Define when it is OK to subclass terms in another ontology #1991

cmungall opened this issue Jul 18, 2022 · 10 comments
Labels
external resource Issues related to interactions with external (non-Foundry) resources policy Issues and discussion related to OBO Foundry policies

Comments

@cmungall
Copy link
Contributor

cmungall commented Jul 18, 2022

This is a companion issue to:

But that issue focuses on injection which I define as adding axioms about terms another ontology (this is clearly defined in that issue, don't bring the discussion back here)

This issue is about when it is OK to make axioms that are not about terms in another ontology but that reference them in subClassOf axioms, in particular subClassOf between named classes.

On the surface this should be OK - I am an not altering the target ontology axioms in any way.

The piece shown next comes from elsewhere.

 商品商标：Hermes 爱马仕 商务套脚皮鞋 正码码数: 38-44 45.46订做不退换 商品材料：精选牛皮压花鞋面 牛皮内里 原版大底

Indeed some ontologies such as COB and BFO and CARO are designed expressly with the intention they are subclassed. To a certain extent uberon is too, although only for species-specific subclasses.

However, subclassing others ontologies is rampant in OBO, and this is actually harmful. It is poor modularity and it leads to confusion about scope. Users are not clear which ontology to go to get a term or to request a term.

It is also terrible for maintainability. If I maintain an ontology O1, containing class C1, and another ontology O2 starts makes subclasses, C1a, C1b, and so on. Then if I later need to introduce subclasses in O1, I need to first scan all OBO to see who has made subclasses and coordinate with these ontologies. This places a large impediment for maintainability.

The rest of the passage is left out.